BEGIN Material for this exercise
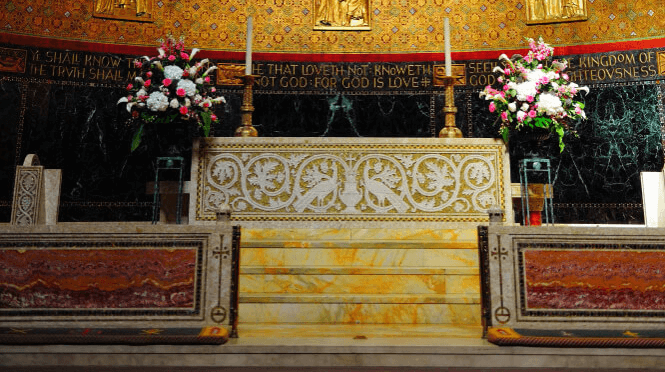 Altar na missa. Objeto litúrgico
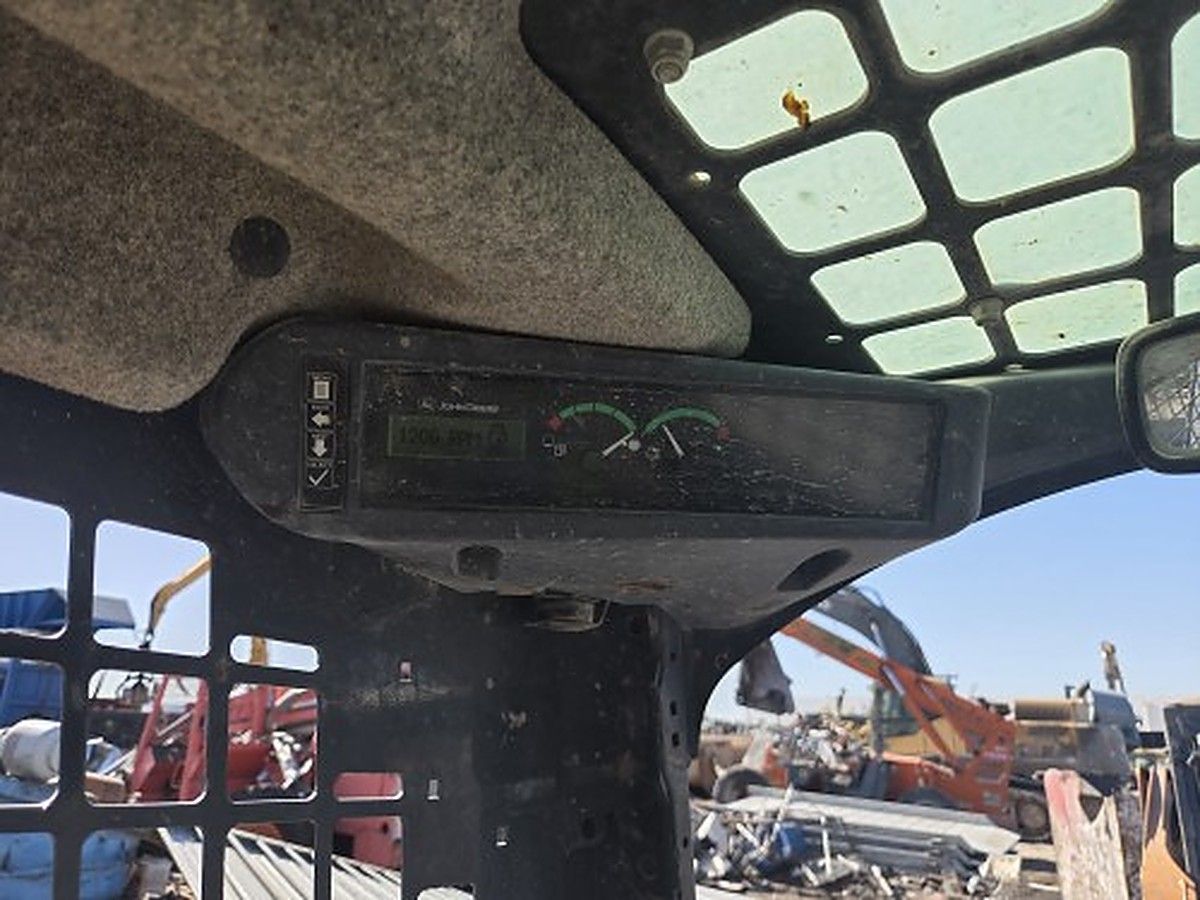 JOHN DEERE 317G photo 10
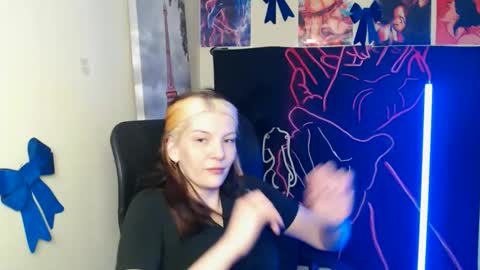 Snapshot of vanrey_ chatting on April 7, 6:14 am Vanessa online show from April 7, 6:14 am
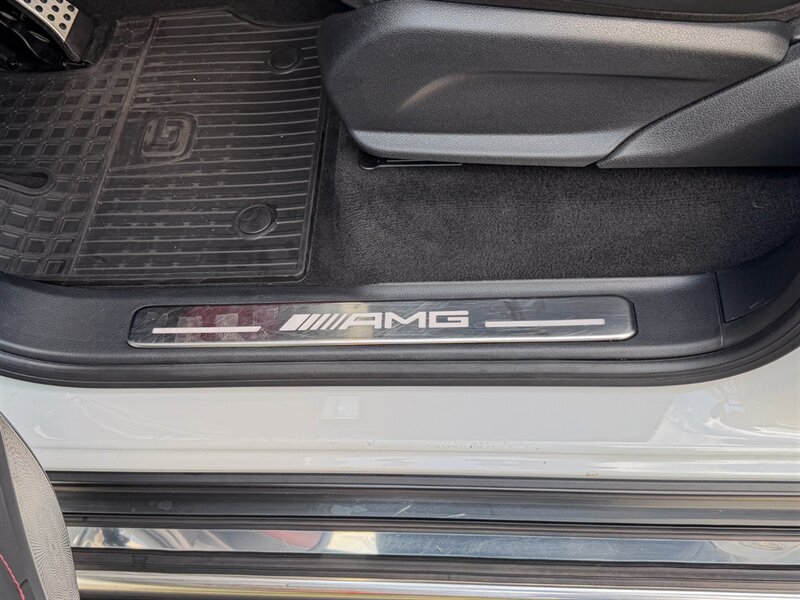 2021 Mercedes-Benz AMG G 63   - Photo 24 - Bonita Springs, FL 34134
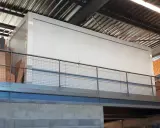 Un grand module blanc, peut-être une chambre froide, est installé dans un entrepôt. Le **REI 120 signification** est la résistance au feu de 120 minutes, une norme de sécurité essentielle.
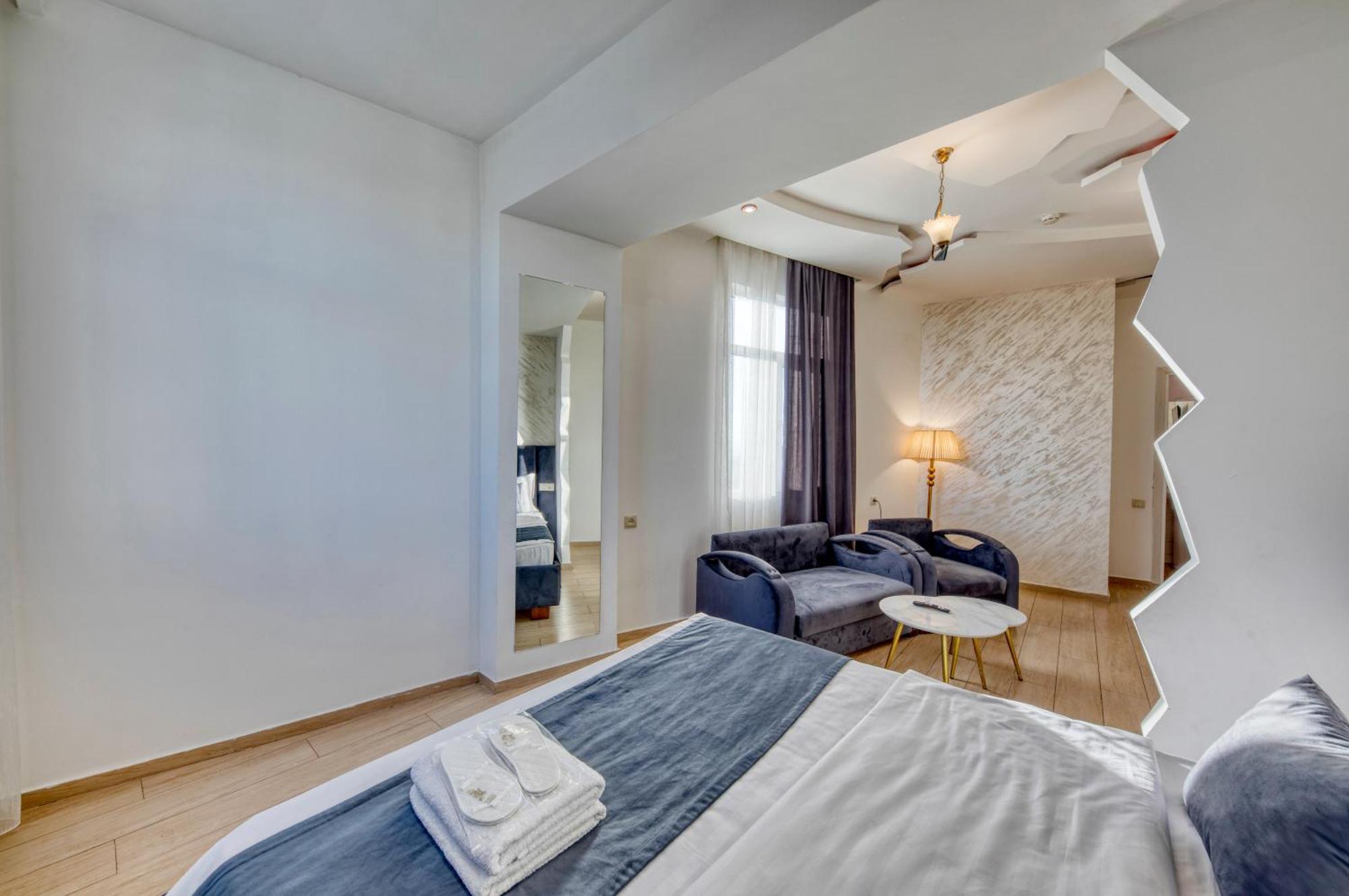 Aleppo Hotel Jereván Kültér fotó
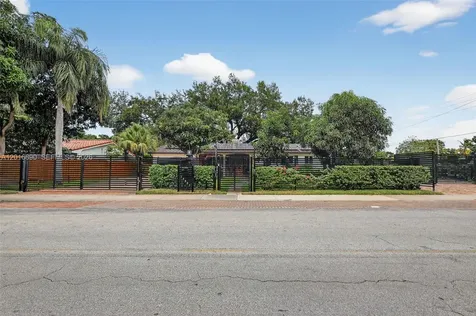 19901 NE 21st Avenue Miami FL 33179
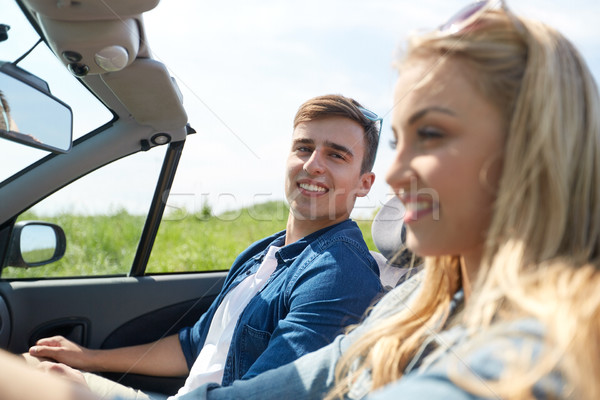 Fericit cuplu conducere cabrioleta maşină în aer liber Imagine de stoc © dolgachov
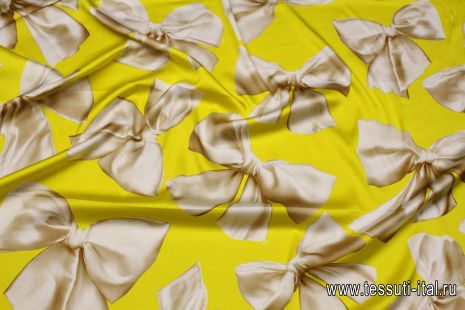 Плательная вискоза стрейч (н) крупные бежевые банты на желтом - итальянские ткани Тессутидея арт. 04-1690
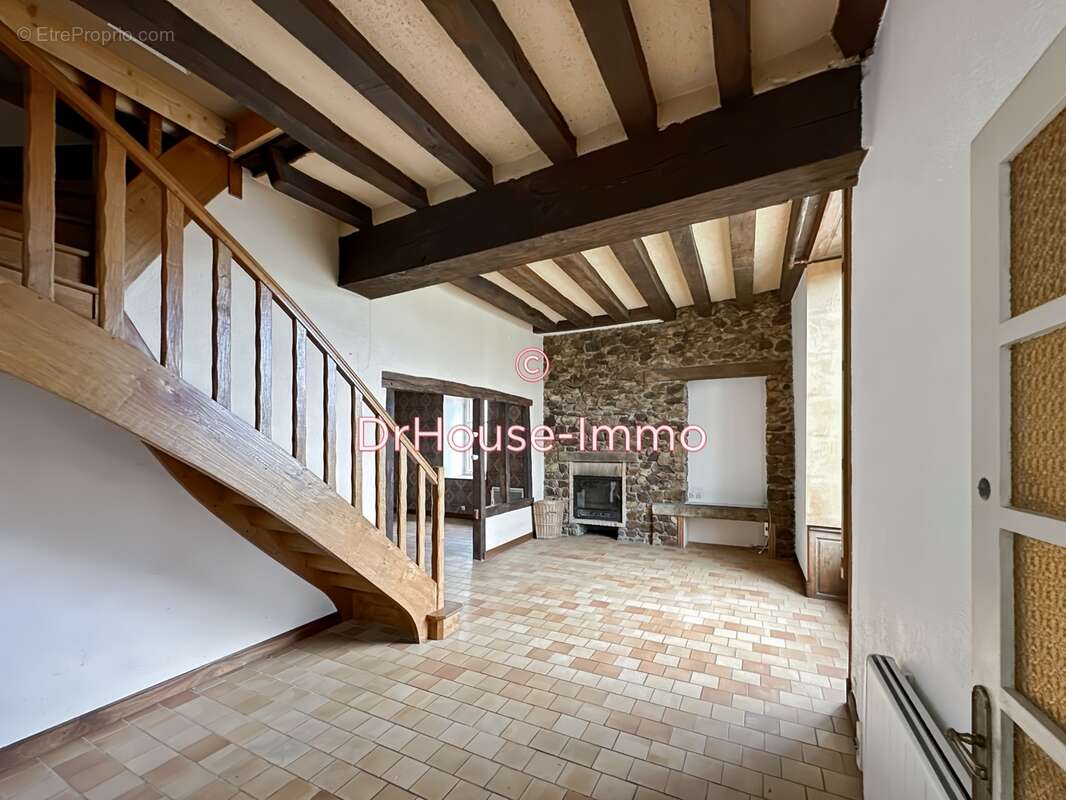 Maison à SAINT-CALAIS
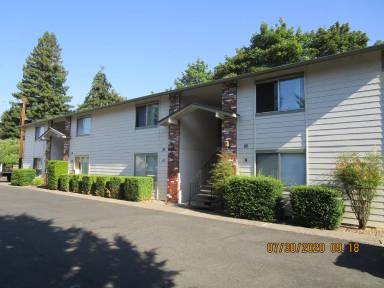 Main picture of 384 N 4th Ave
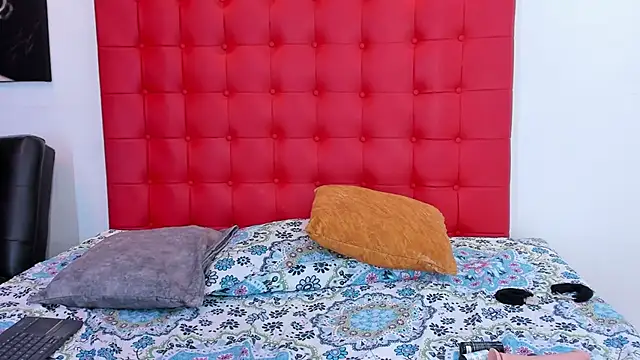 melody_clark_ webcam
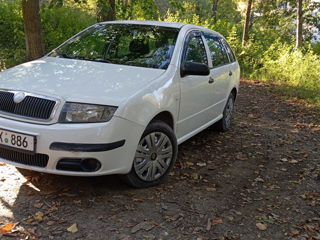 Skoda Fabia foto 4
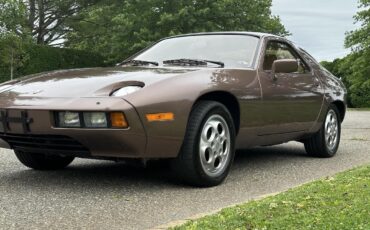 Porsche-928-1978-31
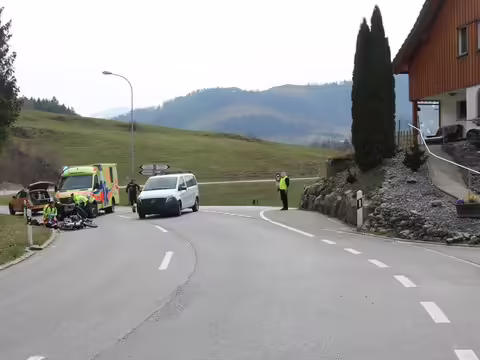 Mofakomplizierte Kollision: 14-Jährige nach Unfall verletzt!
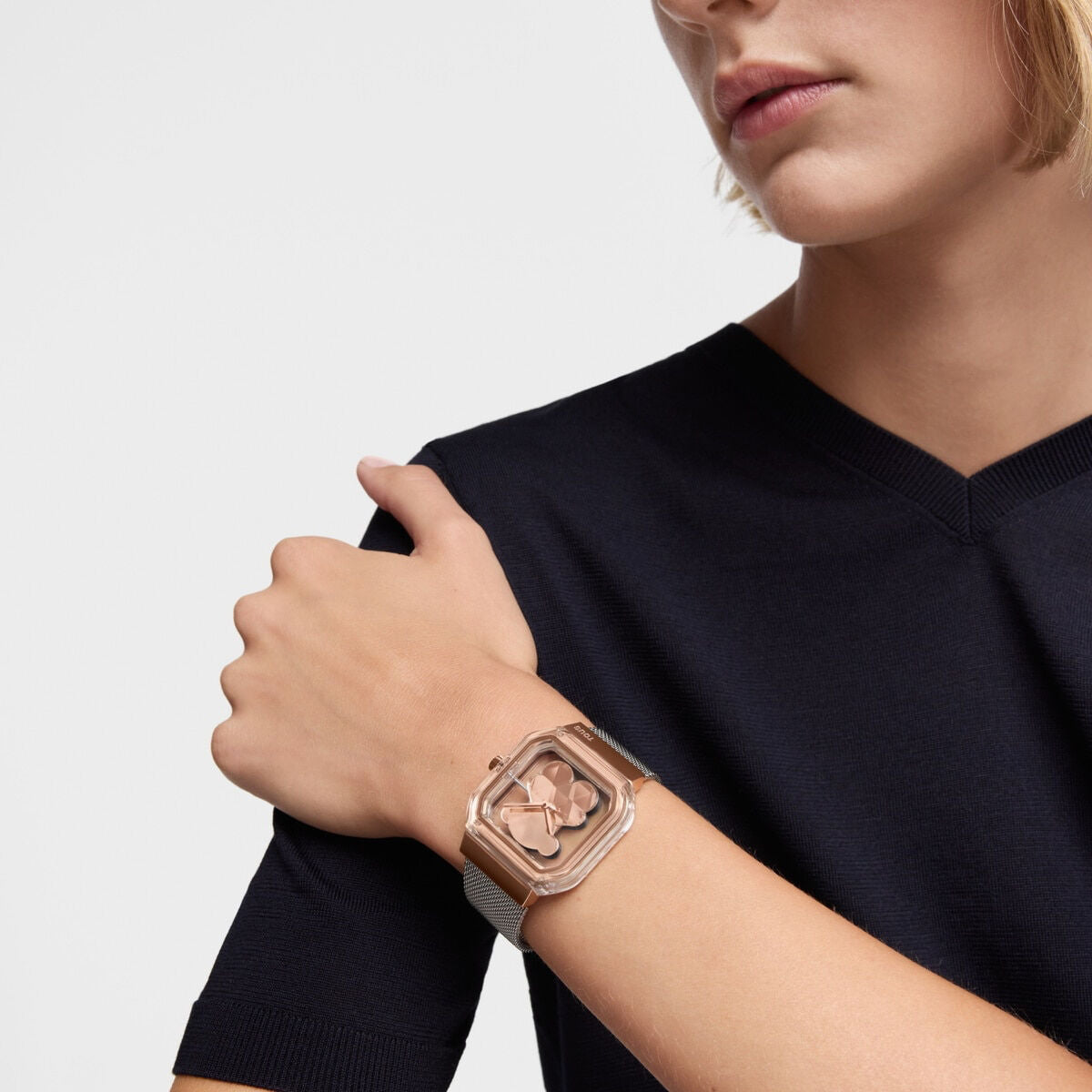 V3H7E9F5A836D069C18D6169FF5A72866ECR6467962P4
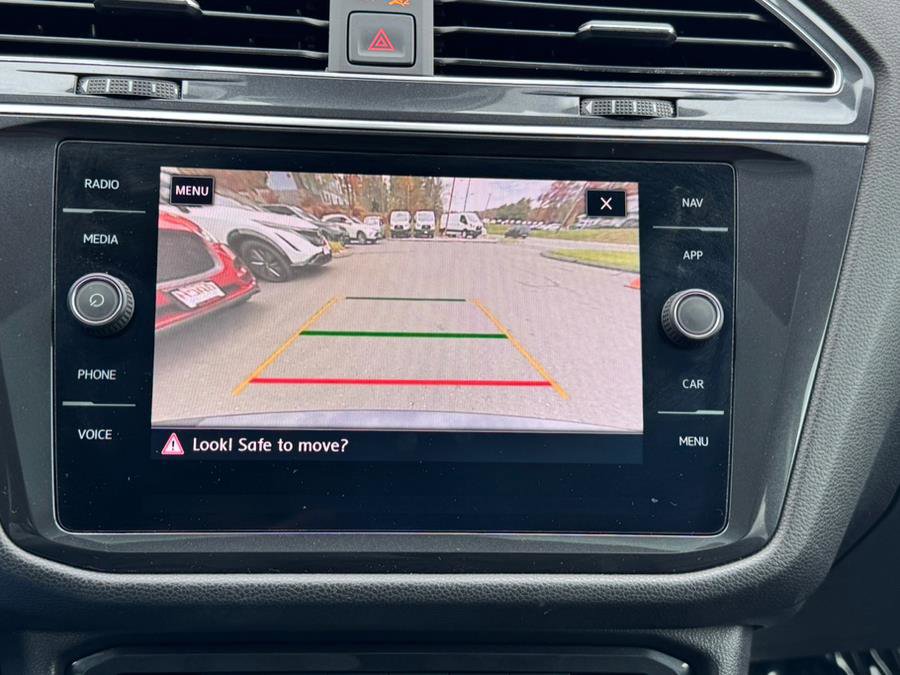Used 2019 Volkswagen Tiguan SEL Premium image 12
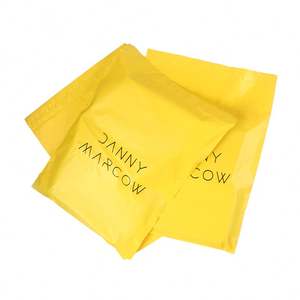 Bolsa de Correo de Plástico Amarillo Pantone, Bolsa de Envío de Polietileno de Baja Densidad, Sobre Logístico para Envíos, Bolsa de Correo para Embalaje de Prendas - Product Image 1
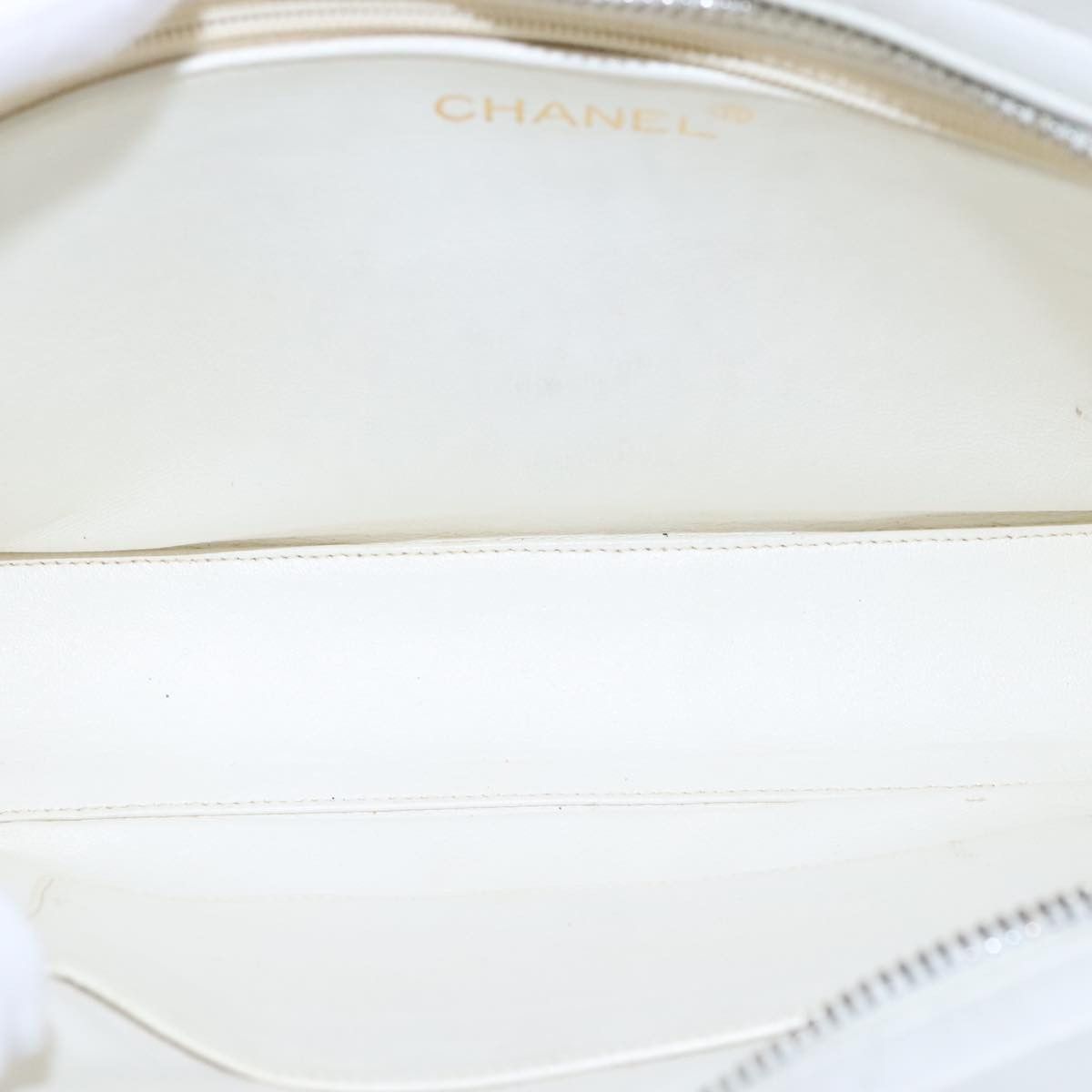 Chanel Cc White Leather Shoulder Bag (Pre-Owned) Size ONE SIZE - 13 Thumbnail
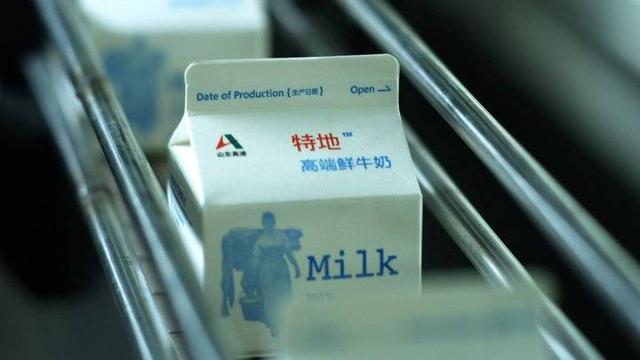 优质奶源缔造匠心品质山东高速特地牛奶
END Material for this exercise
# Exercise objective:
Transcribe all of the records exactly, without reproducing their pictures.

# Written response:
 Altar na missa. Objeto litúrgico
 JOHN DEERE 317G photo 10
 Snapshot of vanrey_ chatting on April 7, 6:14 am Vanessa online show from April 7, 6:14 am
 2021 Mercedes-Benz AMG G 63   - Photo 24 - Bonita Springs, FL 34134
 Un grand module blanc, peut-être une chambre froide, est installé dans un entrepôt. Le **REI 120 signification** est la résistance au feu de 120 minutes, une norme de sécurité essentielle.
 Aleppo Hotel Jereván Kültér fotó
 19901 NE 21st Avenue Miami FL 33179
 Fericit cuplu conducere cabrioleta maşină în aer liber Imagine de stoc © dolgachov
 Плательная вискоза стрейч (н) крупные бежевые банты на желтом - итальянские ткани Тессутидея арт. 04-1690
 Maison à SAINT-CALAIS
 Main picture of 384 N 4th Ave
 melody_clark_ webcam
 Skoda Fabia foto 4
 Porsche-928-1978-31
 Mofakomplizierte Kollision: 14-Jährige nach Unfall verletzt!
 V3H7E9F5A836D069C18D6169FF5A72866ECR6467962P4
Used 2019 Volkswagen Tiguan SEL Premium image 12
 Bolsa de Correo de Plástico Amarillo Pantone, Bolsa de Envío de Polietileno de Baja Densidad, Sobre Logístico para Envíos, Bolsa de Correo para Embalaje de Prendas - Product Image 1
 Chanel Cc White Leather Shoulder Bag (Pre-Owned) Size ONE SIZE - 13 Thumbnail
 优质奶源缔造匠心品质山东高速特地牛奶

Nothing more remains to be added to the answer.